Volume 2, Issue 1 
1st Quarter, 2007


The Role of AGI in Cybernetic Immortality

Ben Goertzel, Ph.D.

Page 5 of 7

In practice, you can think about an AGI system as one that has the capacity to reflect on itself, to creatively learn and adapt. There's been distressingly little research in this area, in the AGI field.  I think because it's more difficult, pragmatically than narrow AI research; and more difficult mathematically that totally general AI research.  It's just hard.  Yet of course, it's the most interesting thing in the long run. 

I've been harping on the term "general intelligence," but there are also some other related terms.   Actually it's been interesting to see that in the last few years there've been a number of workshops on the topic of the “human level intelligence,” within mainstream AI conferences.  I don't like the term "human level AI" very much because I think it sets the goal too low.  I don't think humans are that intelligent in the scope of all possible minds.  We should be setting our sights much higher than that.  I also think "human level" is kind of ambiguous.  What does it really mean?  I understand what human-like means, but "human level" for a radically non-human intelligence is kind of poorly defined. 

My colleague, Bruce Klein [1], this past May, helped me to organize a workshop on artificial general intelligence, which brought together various people from the futurist community together with a number of AI researchers from industry and academia.  I think it was probably the first large scale collision between academic AI guys and radical futurists.  Stan Franklin [2] was there – he’s fairly well known, from the University of Memphis; Sam Adams [3], leader of IBM's Joshua Blue project; and a number of other academic and industry AI researchers.  They were fairly conservative guys with – and it was interesting to see them put together with but Eliezer Yudkowsky [4] and Hugo de Garis [5] and a bunch of the more outspoken visionaries in the AI futurist community.  It was interesting how small the gap was between these various guys actually – many of the academic AI guys really had more of an interest in general intelligence and superhuman AI than they commonly liked to admit within the academic context. 

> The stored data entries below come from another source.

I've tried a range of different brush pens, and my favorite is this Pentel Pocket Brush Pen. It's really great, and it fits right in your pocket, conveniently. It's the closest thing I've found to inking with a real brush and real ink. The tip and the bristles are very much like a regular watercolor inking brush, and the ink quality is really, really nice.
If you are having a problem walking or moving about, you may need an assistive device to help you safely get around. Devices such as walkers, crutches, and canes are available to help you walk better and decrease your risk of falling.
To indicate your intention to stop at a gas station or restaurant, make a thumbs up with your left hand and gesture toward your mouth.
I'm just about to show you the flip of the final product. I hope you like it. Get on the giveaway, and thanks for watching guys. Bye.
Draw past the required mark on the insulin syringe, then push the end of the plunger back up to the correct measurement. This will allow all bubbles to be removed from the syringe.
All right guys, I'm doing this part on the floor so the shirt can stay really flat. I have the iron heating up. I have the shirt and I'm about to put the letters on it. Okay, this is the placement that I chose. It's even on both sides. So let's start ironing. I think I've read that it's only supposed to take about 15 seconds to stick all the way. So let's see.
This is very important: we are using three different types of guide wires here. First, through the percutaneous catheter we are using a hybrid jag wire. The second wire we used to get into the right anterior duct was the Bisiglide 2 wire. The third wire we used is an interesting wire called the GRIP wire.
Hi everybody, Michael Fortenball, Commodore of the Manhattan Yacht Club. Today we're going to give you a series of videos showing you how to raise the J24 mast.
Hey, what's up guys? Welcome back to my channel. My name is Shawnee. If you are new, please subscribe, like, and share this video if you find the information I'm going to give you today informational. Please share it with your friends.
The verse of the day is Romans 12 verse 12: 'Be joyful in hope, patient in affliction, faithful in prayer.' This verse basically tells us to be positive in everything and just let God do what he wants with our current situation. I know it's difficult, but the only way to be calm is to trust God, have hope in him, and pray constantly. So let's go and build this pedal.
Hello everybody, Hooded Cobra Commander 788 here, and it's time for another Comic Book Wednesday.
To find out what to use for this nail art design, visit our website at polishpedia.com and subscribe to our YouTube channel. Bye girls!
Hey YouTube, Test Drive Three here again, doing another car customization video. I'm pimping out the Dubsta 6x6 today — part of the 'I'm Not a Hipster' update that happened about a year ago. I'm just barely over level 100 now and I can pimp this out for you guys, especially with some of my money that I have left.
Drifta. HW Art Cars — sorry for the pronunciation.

There's also an edited volume which I’m co-editor of which gathers together a number of papers on general intelligence.  It’s called Artificial General Intelligence, published by Springer.


Image 5: Artificial General Intelligence Report  

In 2007 IOS Press will publish the Proceedings of the AGI workshop.

Nick Cassimatis edited an issue of AI Magazine on the topic of human level intelligence recently.  The field is building up a little bit of momentum. I have a feeling that somewhere within the next 5 to 15 years, to be conservative, you're going to see a renaissance of AGI, or human level intelligence research within the AI community.


Image 6 -- [Click image above for larger view]


Image 7 -- [Click image above for larger view]

I can see it building up because 5 years ago there were no workshops, special sessions, or anything on this kind of topic within mainstream AI conferences.  Now at least there's some little corner being carved out for AGI.  Out of 2,000 people at an AI conference, now there are at least 50 people who are interested in talking about human level general intelligence, which is progress. 

All it's going to take is one exciting announcement – one announcement that someone has achieved some reasonably moderate level breakthrough in AGI.  Then people will jump all over it, and the field will really explode.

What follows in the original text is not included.